= Beginning of Section =
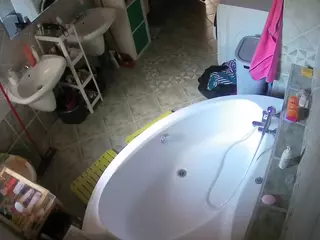 Julmodels Bathroom 1st Floor-1's Live Sex Cam Show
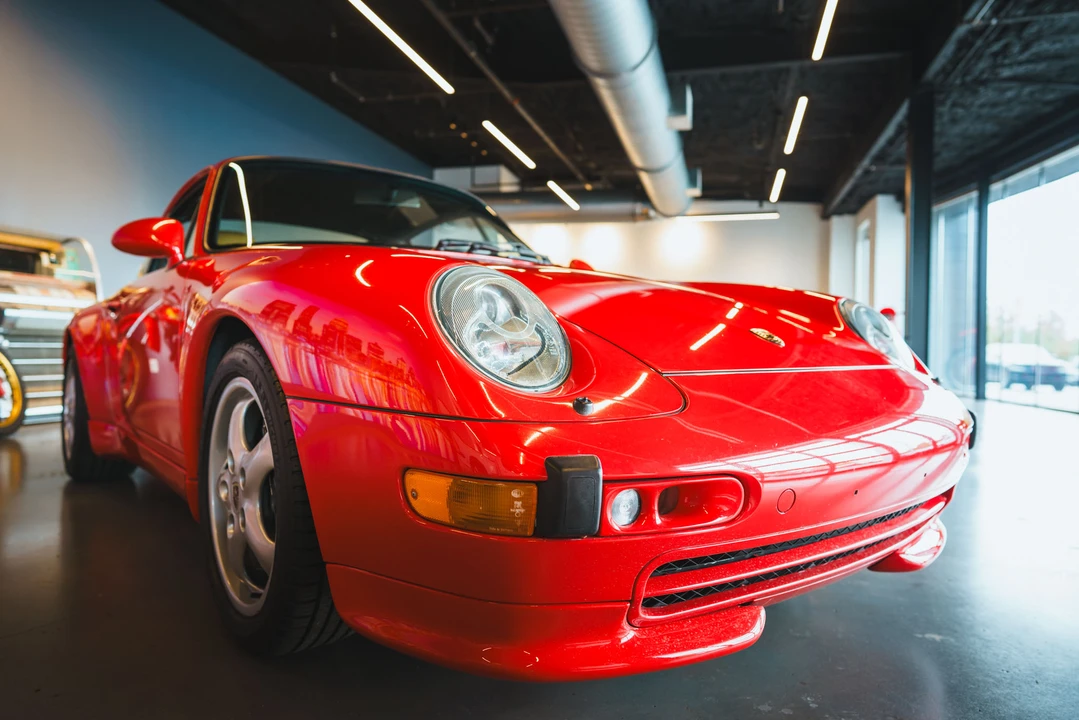 1995 Porsche 993 Carrera - Image 18 of 31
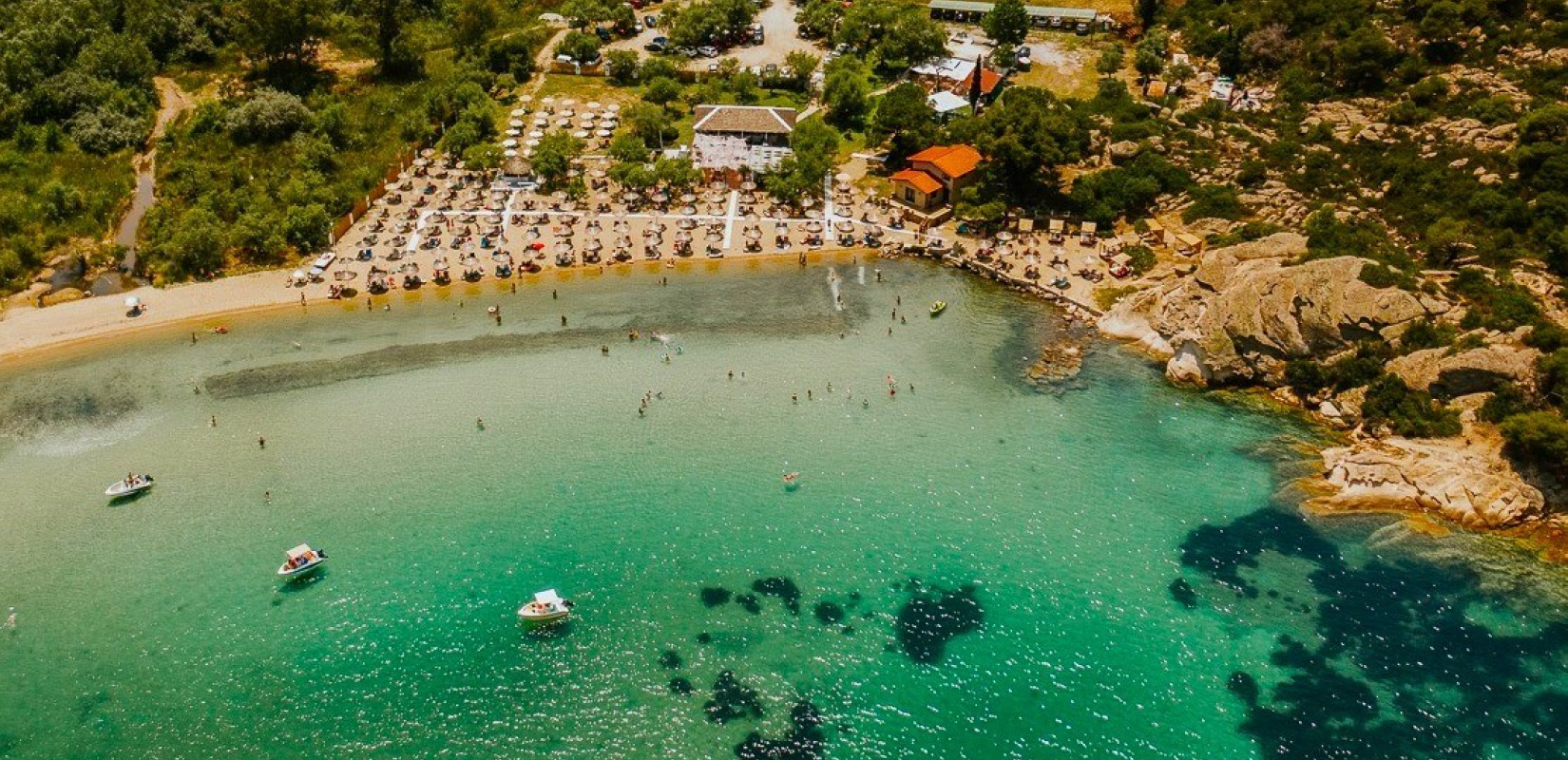 Talgo Beach Bar: Η απόλυτα premium εμπειρία στη Βουρβουρού Χαλκιδικής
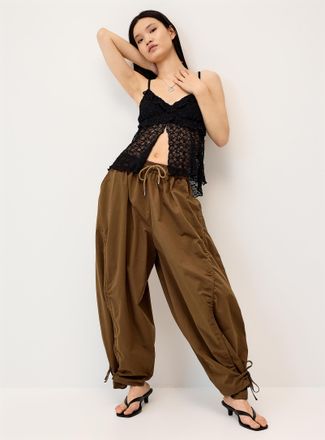 Twik Womens Oversized twill barrel-leg pant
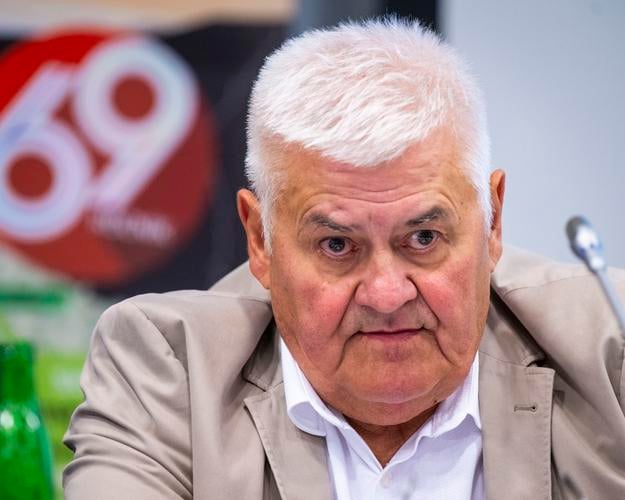 Zostavovateľ trate Medzinárodných cyklistických pretekov Okolo Slovenska Stanislav Holec počas tlačovej konferencie v Bratislave.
= End of Section =
**EXERCISE DIRECTIONS:** Each line from the one with "1995 Porsche 993 Carrera - Image 18 of 31" through the final line of the records must be copied exactly, with no pictures and no additional lines.

**SOLUTION:**
 1995 Porsche 993 Carrera - Image 18 of 31
 Talgo Beach Bar: Η απόλυτα premium εμπειρία στη Βουρβουρού Χαλκιδικής
 Twik Womens Oversized twill barrel-leg pant
 Zostavovateľ trate Medzinárodných cyklistických pretekov Okolo Slovenska Stanislav Holec počas tlačovej konferencie v Bratislave.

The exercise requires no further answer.